Install and configure Kubeflow Pipelines

After you select Kubeflow Pipelines, you must set the Workflow Data Storage parameter.

Pre-installed MinIO

Make sure that the nodes in the cluster are attached with ESSDs. The cloud-native AI suite automatically deploys MinIO in the cluster. This method does not require you to purchase Object Storage Service (OSS) buckets.
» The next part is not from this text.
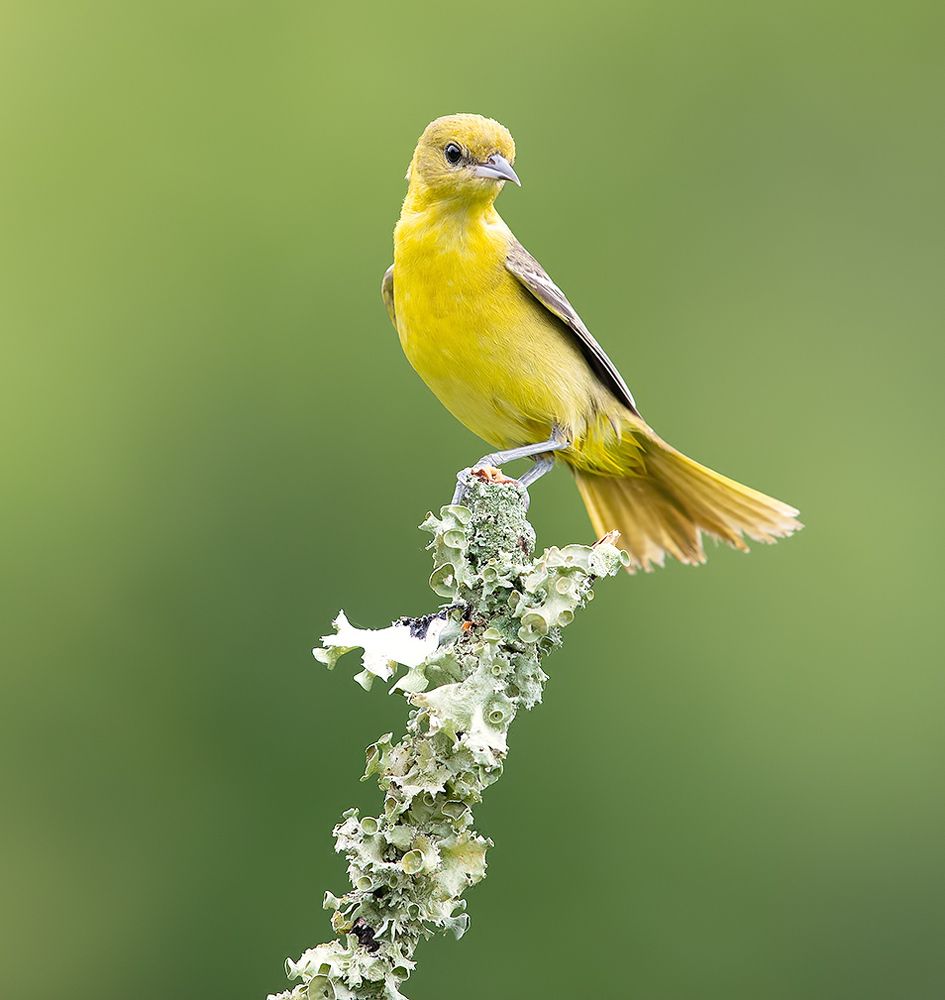 Spring Time Birds Migration - Весенняя миграция разных видов Птиц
However, data security is not guaranteed by SLAs.

Important

Data loss may occur if cluster exceptions occur or MinIO is accidentally deleted.

To check the types of disks that are mounted to the cluster, perform the following steps:

  1. Log on to the ACK console and click Clusters in the left-side navigation pane.

  2. On the Clusters page, click the name of the cluster that you want to manage and choose Volumes > Persistent Volumes in the left-side navigation pane.

  3. On the Persistent Volumes page, take note of the name of the persistent volume (PV) that you want to manage.

  4. Go to the ECS console. In the left-side navigation pane, choose Storage & Snapshots > Disks. On the Disks page, search for the disk by using the name that you obtained. You can view the disk type in the Disk Category column.

OSS

  1. After you install the cloud-native AI suite, click the name of the cluster. Then, choose Configurations > Secrets in the left-side navigation pane.

  2. Select the namespace from the Namespace drop-down list on the top of the page.

  3. Click Create from YAML in the upper-right corner of the page.

  4. Copy the following YAML content to create a Secret named kubeai-oss. After the Secret is created, an OSS bucket named mlpipeline-<clusterid> is created. For more information about the billing of OSS, see Billing overview.

    apiVersion: v1
    kind: Secret
    metadata:
      name: kubeai-oss
      namespace: kube-ai
    type: Opaque
    stringData:
      ENDPOINT: "oss-cn-hangzhou.aliyuncs.com"   
      ACCESS_KEY_ID: "****"     
      ACCESS_KEY_SECRET: "****"  

    Parameter

    Description

    name

    The name of the Secret.

    namespace

    The name of the namespace.

    ENDPOINT

    The endpoint of OSS. In this example, the endpoint of OSS in the China (Hangzhou) region is used. For more information, see Regions and endpoints.

    • ACCESS_KEY_ID

    • ACCESS_KEY_SECRET

    Enter the AccessKey pair of your account. For information about how to obtain an AccessKey pair, see Obtain an AccessKey pair.

    Important

    To ensure data security, we recommend that you enter the AccessKey pair of a RAM user. After you log on as a RAM user, you need to attach the AliyunOSSFullAccess policy to the RAM user.